● **EXERCISE DETAILS**
Below are some records; quote exactly the lines from the one that contains "Cra-z-art Cra-Z-Slimy Super" through the one that contains "BMW 1 Series", inclusive, and no others.
EXERCISE DATA Block Start
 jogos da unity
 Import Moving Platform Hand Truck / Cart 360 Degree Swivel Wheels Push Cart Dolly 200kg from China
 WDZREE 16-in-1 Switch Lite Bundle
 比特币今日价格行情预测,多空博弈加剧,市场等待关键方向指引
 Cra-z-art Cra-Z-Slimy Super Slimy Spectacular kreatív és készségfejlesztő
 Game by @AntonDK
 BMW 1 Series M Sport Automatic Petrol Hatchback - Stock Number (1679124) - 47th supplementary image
EXERCISE DATA Block End
EXERCISE DATA Block Start
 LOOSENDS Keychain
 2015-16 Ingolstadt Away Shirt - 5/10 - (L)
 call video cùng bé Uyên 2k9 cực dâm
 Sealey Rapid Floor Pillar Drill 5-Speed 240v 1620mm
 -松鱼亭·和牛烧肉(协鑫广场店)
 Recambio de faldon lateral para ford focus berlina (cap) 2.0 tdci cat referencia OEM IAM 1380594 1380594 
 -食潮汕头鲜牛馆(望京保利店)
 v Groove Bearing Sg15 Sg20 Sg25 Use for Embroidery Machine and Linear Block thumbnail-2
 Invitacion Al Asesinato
EXERCISE DATA Block End
● **EXERCISE ANSWER**
 Cra-z-art Cra-Z-Slimy Super Slimy Spectacular kreatív és készségfejlesztő
 Game by @AntonDK
 BMW 1 Series M Sport Automatic Petrol Hatchback - Stock Number (1679124) - 47th supplementary image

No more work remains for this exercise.